Chi non ha competenze informatiche o esperienze in cucina invece scava, come Viktor che dopo alcuni mesi in prima linea con l’esercito regolare si è arruolato volontario nel battaglione: «Ho posato il kalashnikov e ho preso la pala, e dio solo sa quando mi manca il kalashnikov»,, racconta a torso nudo sotto il sole mentre lavora alla seconda uscita di un bunker che ospita 8 cuccette e che è pensato specialmente per proteggere gli uomini dalle munizioni al fosforo «che i russi usano di continuo», racconta il volontario.

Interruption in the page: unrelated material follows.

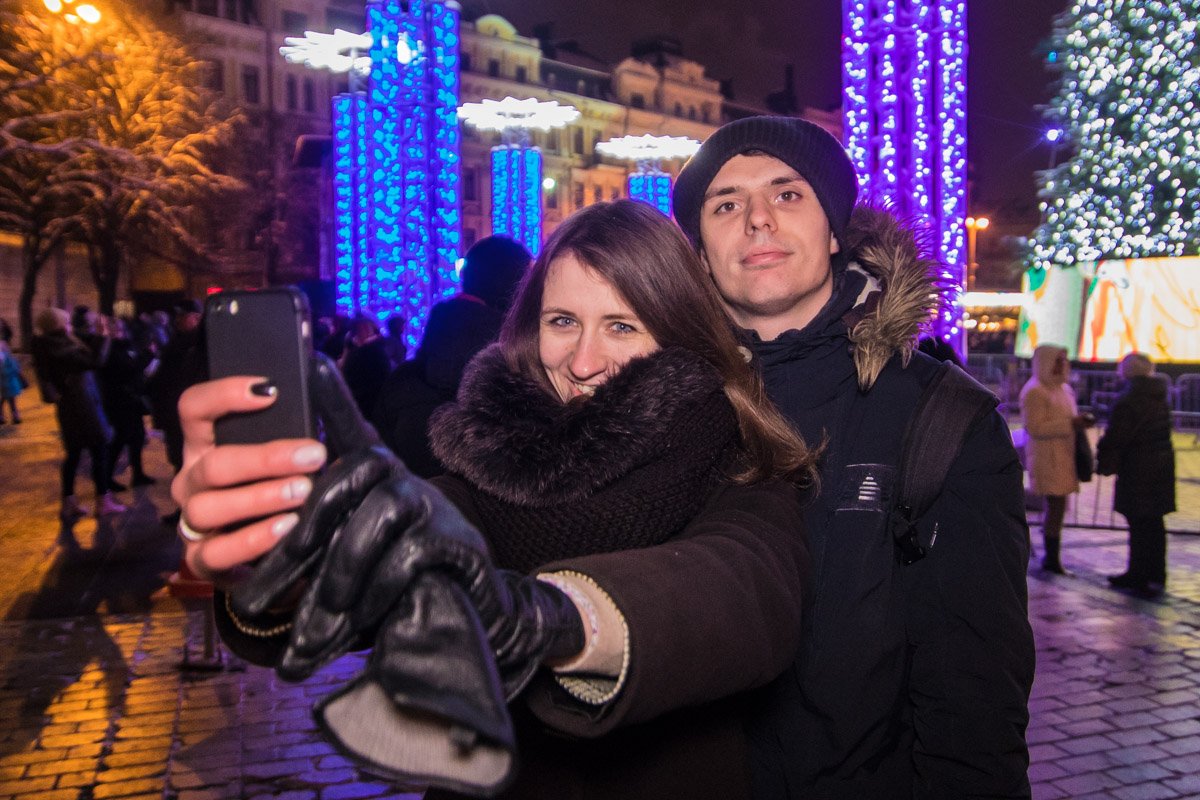 Селфи с любимым человеком в любимом городе 
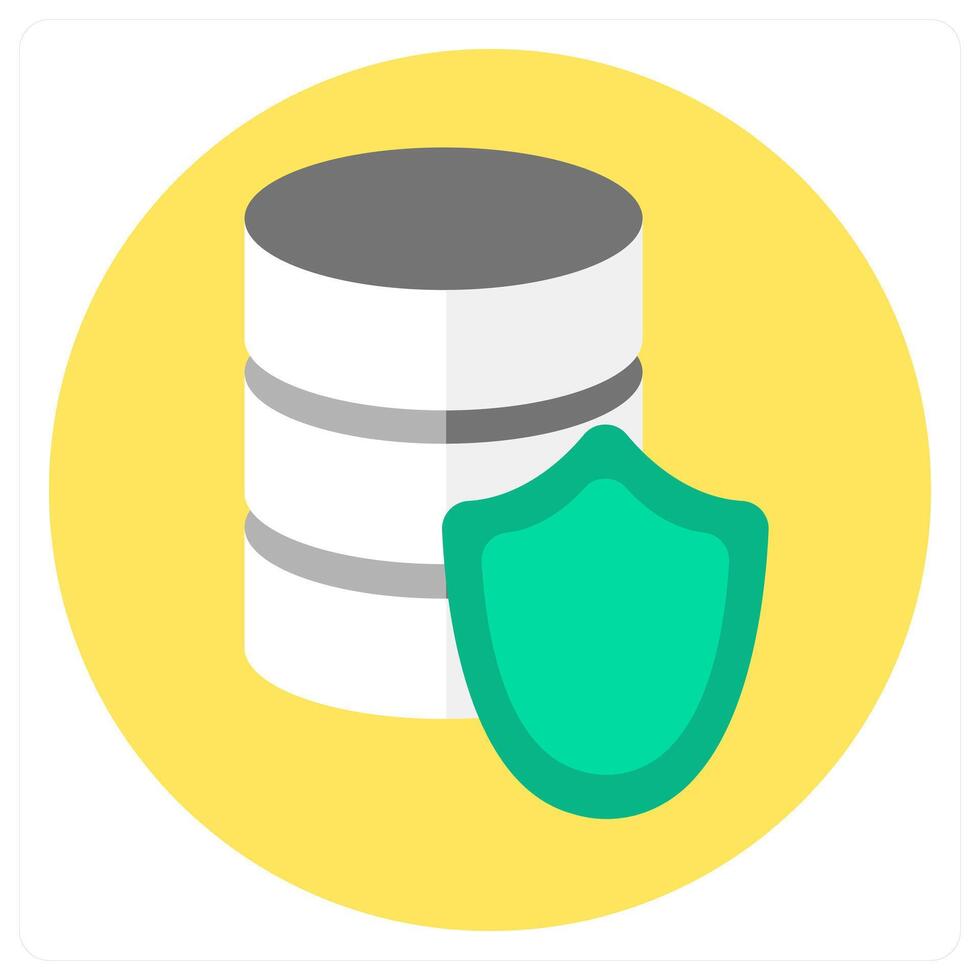 Database Security and safety icon concept vector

L’artiglieria infatti è l’altra grande protagonista di questo fronte: «Fino ad aprile abbiamo avuto problemi drammatici di munizioni e di carburante per spostare i corazzati, mentre i russi erano superiori a noi in potenza di fuoco», racconta Podvorchansky. «La situazione però ora si è ribaltata, siamo dotati di artiglieria moderna con anche pezzi in arrivo dall’Europa, i nostri depositi munizioni sono pieni e lo sono anche quelli carburante, siamo pronti a resistere per mesi». A cambiare gli equilibri, infatti, l’arrivo dell’artiglieria a lungo raggio tra cui i cosiddetti Himars con cui gli ucraini hanno iniziato a martoriare depositi di carburante e la catena logistica delle truppe russe.

© Alfredo Bosco

Oltre alle postazioni scavate per l’artiglieria cingolata, larghi buchi in cui i mezzi si nascondono per poi scappare subito dopo aver sparato il colpo, la piccola fortezza ha più linee di fuoco e postazioni di difesa, separate da intervalli di spazio. «I russi mandano avanti i loro uomini a ondate come bestie al macello», spiega Deduska: «Con più linee di difesa si contiene l’assalto, con 50 di noi riesci a respingere un assalto di 500 persone». «È questione di settimane se non di giorni ma l’assalto su Slovyansk arriverà e noi dobbiamo farci trovare pronti», gli fa eco Viktor. Se Slovyansk dovesse cedere, non solo l’intera regione potrebbe vacillare, ma sarebbe anche una vittoria simbolica per Mosca, la città infatti fu la prima ad essere presa dai separatisti nel 2014 decretando l’inizio del conflitto che si combatte ancora oggi.

 

In attesa della battaglia, il Dnipro-1 si occupa anche della gestione dei checkpoint all’ingresso ed all’uscita della città, un modo di controllare anche la popolazione locale con cui il rapporto ultimamente «è complicato», racconta Viktor. «C’è un decreto del governo che chiede l’evacuazione e alcuni invece di andare via addirittura tornano», spiega il soldato: «Di oltre 100 mila abitanti a Slovyansk ne sono rimasti circa 20 mila, molti di questi sono pensionati disperati, ma tra questi si nasconde anche qualche traditore». In città rimangono due mercati aperti e diversi negozi si rifiutano di chiudere nonostante l’evacuazione, «hanno tagliato il gas, appena arriva l’inverno vedrai che scapperanno tutti a ovest», sbuffa Deduska col volto nascosto da un cannocchiale: «Qui rimarremo solo noi e i russi a spararci in mezzo alla neve, meglio così, l’inverno gioca dalla nostra parte, l’inverno aiuta sempre chi si difende e questo i russi dovrebbero saperlo bene».